Saturday, August 12, 2017

Multi-MEdia


News and media companies are increasingly diversifying. Traditional newspaper publishers now expect their journalists to record video and take photographs, as well as to prepare their stories to the paper’s website. Online-only media outlets create text-based stories as well as videos and often audio podcasts. This is the new reality. And somehow us small “content creators” need to fit into the multi-media expectations that are part of this new media landscape. I’m no different.

For quite awhile now I’ve been sharing things I post to Instagram by embedding those posts here. I usually talk about the post in more detail, but I nevertheless am sharing the Instagram post, and not just re-publishing the photo. Similarly, I now publish announcements when I post another AmeriNZ Podcast episode, as I did yesterday. I’ve also embedded videos from my AmeriNZ YouTube Channel. But until today, I’ve never embedded anything I first posted to my AmeriNZ Facebook Page. I have no idea why I haven’t.

The embedded Facebook post up top is from the AmeriNZ Facebook Page, and it’s something that in a somewhat different format could have been a blog post. In the past, I’ve adapted things I’ve posted to Facebook into blog posts (as I did last on Monday), but I’ve never just embedded one of my Facebook posts before today, and I think it’s time I did.

The way one gets attention on Facebook—what they call “Reach”—is by having people read posts there, comment on them, share them, etc. I’ve always shared announcements of new blog posts and podcast episodes, but I’ve also shared articles to the Page, and I’ve sometimes written commentary to go along with the things I’ve shared, as I did today, and sometimes they’re longer and blog post like.

One of the ways to keep people interested in a Facebook Page is to post things to the page, but not just shares of things from other sites (like my blog or podcast or YouTube Channel), but also original content created for the Page. That’s what today’s post was—original content. Rather than repurposing and reqorking that content into a blog post, I think it makes more sense to embed the posts here, as I already do with Instagram posts (which is also owned by Facebook, of course).

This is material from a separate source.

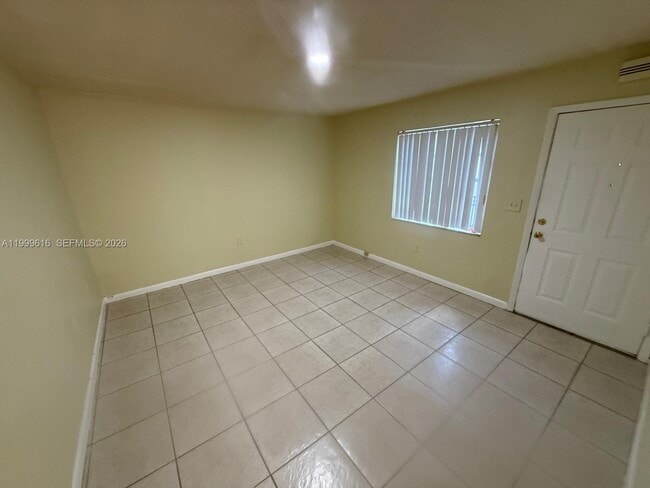 Photo - 1225 W 30th St Unidad 26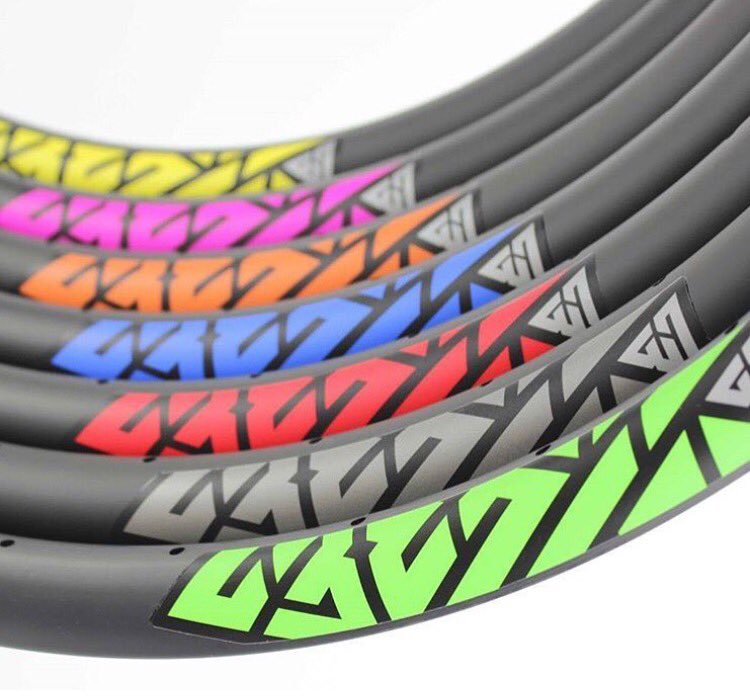 lb_wheels's tweet photo. Carbon wheels for the masses. #lbwheels #lightbicycle #mtb #cycling #bike https://t.co/bHiouGAAaO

There are several reasons for this. First, it potentially increases the “reach” of posts as well as potentially increasing awareness that I even have a Facebook Page. If my goal is to increase awareness of whatever content I create, it makes more sense to embed things from other places than to re-create it here. Although, just like now, I’m likely to use it as a starting point for further commentary, as I also do with my Instagram posts and YouTube videos.

Those who maximise their Facebook Pages also do live video broadcasts and post recorded videos as part of the mix of content they chare on their page. I haven’t yet done a Facebook Live video, but I wouldn’t rule that out. I can later embed the recorded version of the video here, as I did the other day with a Labour Party Facebook video.

Media companies do all the same things I do, only they do more of it and they monetise what they do. I’ll never be in competition with them, but if I want to gain and grow an audience, I need to be doing some of the same things they do, but—and this is the tricky part—without sacrificing any particular part or medium. This is going to require a lot more organisation than I’m used to doing, and I’ll have to actually start planning and scheduling what I want to post, where, and when.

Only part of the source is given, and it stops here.